Standardization is crucial when it comes to video coding or any application on the Internet as this is a system used in all parts of the world with a device category of hundreds, if not thousands, of different ones. Therefore, the data must follow a strict, standardized format to be able to overcome this extreme heterogeneity. That is why the standardization committees like Moving Pictures Expert Group (MPEG), Joint Collaborative Team on Video Coding (JCT-VC), Joint Video Experts Team (JVET), and Joint Photographic Experts Group (JPEG) exist.

JPEG and MPEG are organized under ISO/IEC JTC 1/SC 29 (Coding of audio, picture, multimedia, and hypermedia information). MPEG focuses on setting standards for multimedia coding, like video and audio compression, the file format for applications, and transmission. On the other hand, JPEG focuses on the same aspects for still images. The role of JCT-VC and JVET is a bit different as they were formed to design video coding standards. Namely, JCT-VC for High-Efficiency Video Coding (HEVC) and JVET for Versatile Video Coding (VVC)

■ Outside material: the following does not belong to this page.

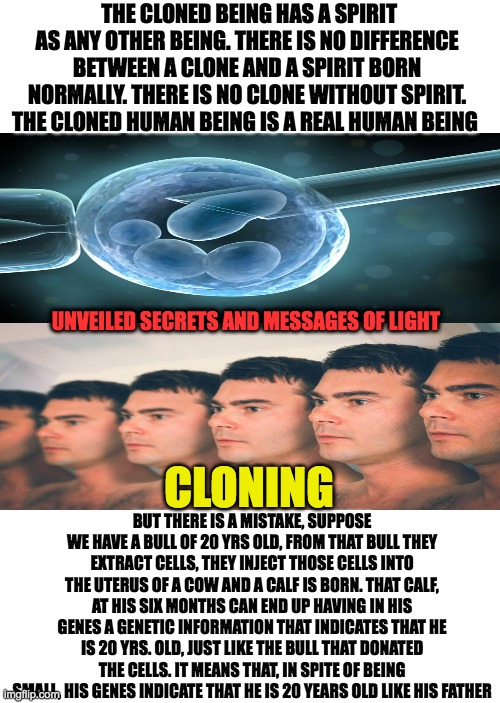 CLONING | THE CLONED BEING HAS A SPIRIT AS ANY OTHER BEING. THERE IS NO DIFFERENCE BETWEEN A CLONE AND A SPIRIT BORN NORMALLY. THERE IS NO CLONE WITHOUT SPIRIT. THE CLONED HUMAN BEING IS A REAL HUMAN BEING; UNVEILED SECRETS AND MESSAGES OF LIGHT; CLONING; BUT THERE IS A MISTAKE, SUPPOSE WE HAVE A BULL OF 20 YRS OLD, FROM THAT BULL THEY EXTRACT CELLS, THEY INJECT THOSE CELLS INTO THE UTERUS OF A COW AND A CALF IS BORN. THAT CALF, AT HIS SIX MONTHS CAN END UP HAVING IN HIS GENES A GENETIC INFORMATION THAT INDICATES THAT HE IS 20 YRS. OLD, JUST LIKE THE BULL THAT DONATED THE CELLS. IT MEANS THAT, IN SPITE OF BEING SMALL, HIS GENES INDICATE THAT HE IS 20 YEARS OLD LIKE HIS FATHER | image tagged in clone | made w/ Imgflip meme maker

These standardization committees focused on improving the performance of video coding solutions in the last decades. Nowadays, as machine learning is used more and more commonly in video coding, the standardization committees started to form new groups for these approaches.

JPEG-AI had become an official work item in 2021. It focuses on providing a learning-based image compression method that targets a better visual quality with significant compression efficiency over existing image coding standards. Moreover, image coding for machines is also considered for applications like image processing and computer vision tasks.

MPEG has an open group about neural network compression as the efficient transmission of machine learning models will play a key role in video streaming. It is a relatively new group. The motivation behind it was the increasing importance of machine learning-based tools for applications such as video encoding, classification, and descriptor extraction from video content. The first version of the neural network compression was already released in 2021, and version 2 is on the way.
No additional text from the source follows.